May 30th, 2014 at 1:00 PM
By Max DeMara

After the Detroit Tigers escaped Oakland with a split, Joe Nathan, the man who nearly caused a second meltdown in as many days, didn't want to talk.

'Bryan Holaday, Joe Nathan' photo (c) 2014, Keith Allison - license:

Nathan blew off reporters Thursday afternoon, saying he had nothing to speak about, and hinting the scribes should instead talk to the players who made a difference in the game. If was a self-deprecating bit designed to induce sympathy, but a frustrating one nonetheless considering Nathan's position on the team.

This is, after all, the closer who makes $10 million dollars a year to get between one and three outs as one of the lone veterans in a young bullpen. He should answer questions, especially one day after apparently mildly calling out rookie third baseman Nick Castellanos for missing a line drive in the ninth inning, and laughing off reports of a dead arm earlier this season.

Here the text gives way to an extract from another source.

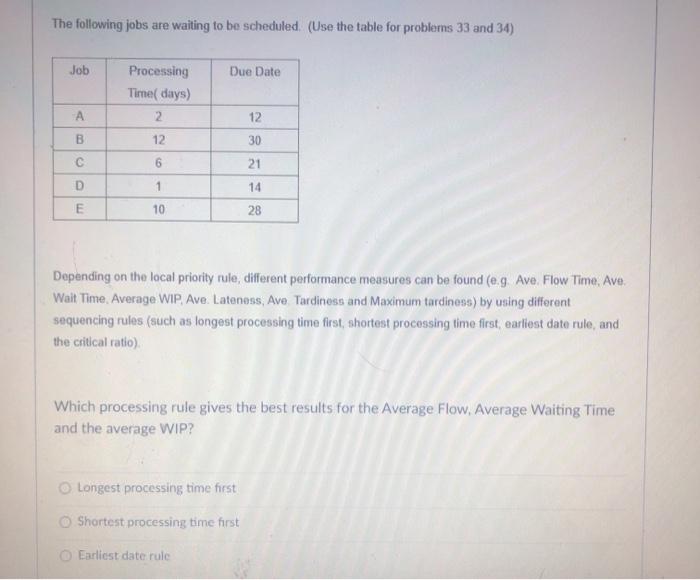 The following jobs are waiting to be scheduled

Whether he likes it or not, it's Nathan's responsibility to speak about what happened in between the lines, especially on the heels of two of his worst performances as a Tiger. Since Todd Jones, Detroit is a town that's been used to having rough ninth innings, and one refreshing thing about Jones was he always took the heat for a bad performance himself, answering questions well after the game and deflecting criticism from teammates.

Nathan doesn't seem to consistently share that mentality, which is troubling. There will be times he doesn't feel it. Perhaps there might even be times he feels his arm is dying or he's losing a step, or times he will want to blame someone else for what transpired.

In such instances, honesty is always the best policy, and ducking out isn't a good look for Nathan. It's worse than standing in front of the notepads and cameras and simply admitting mistakes happened and were the result of other professional ballplayers making plays.

For this year and next, the Tigers are depending on Nathan to be a lock-down performer in the ninth inning and a quality teammate. Closers will blow saves and make mistakes, but where Nathan is needed most is in the locker room, setting a good example by always being accountable, in good times and in bad.

Since coming to Detroit, that hasn't consistently happened, leaving many to wonder what the Tigers may have gotten themselves into for 2014 and 2015.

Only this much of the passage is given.